Pero a partir del siglo XVIII aparecen nueves criterios. Expiar es borrar la culpa, purificarse por medio del sacrificio y el dolor. Si no se reconoce a la pureza como un valor tampoco se pretenderá la purificación. Se supone que a la justicia no le corresponde imponer un castigo sino corregirlo al delincuente; su prisión no tiene el sentido de que pague por el mal cometido sino de que se regenere, que aprenda a ser bueno. Por otra parte su separación de la sociedad libera a ésta de ser dañada, y con eso ya se satisface.
Estos distintos criterios ven de distinta forma a la pena de muerte. La doctrina clásica, de la antigüedad y de los teólogos cristianos, la acepta. Dios nos manda "no matarás", pero los mandamientos son órdenes genéricas, como que se admite que es lícito matar en defensa propia. Se la compara con el derecho de que disponemos para extirparnos un miembro enfermo que pone en peligro al resto del organismo, que es la sociedad a la que por naturaleza pertenecemos.
Otros no ven en esa sociedad un hecho natural sino el resultado de un convenio. Imaginan que el hombre originalmente vivía aislado y que por su conveniencia ha buscado agruparse. Los derechos del grupo social serían los que voluntariamente el hombre le habría cedido. Si el hombre carece del derecho para disponer de su propia vida, ¿cómo habría de ceder a la sociedad un derecho que no tiene?
La discusión, con muy serios argumentos a favor y en contra, se ha extendido por siglos y ha ocupado a pensadores inteligentísimos. Ambas posiciones se afirman en argumentos sólidos y cuentan con respetabilísimos defensores. Sus partidarios la presentan como disuasiva; sus contrarios afirman que la estadística no muestra ese efecto.

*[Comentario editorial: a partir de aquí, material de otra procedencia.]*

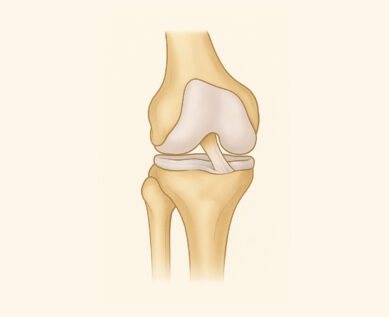 ACL reconstruction graphic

Hasta hay presidentes de que han insistido en su ya anunciado propósito de imponérsela a los traficantes de narcóticos “que han levantado verdaderos imperios”. Hay muchos que pueden merecerla, sin duda; pero los argumentos en su favor suponen la existencia de una justicia por lo menos respetable. Sin esa clase de justicia nadie la defendería.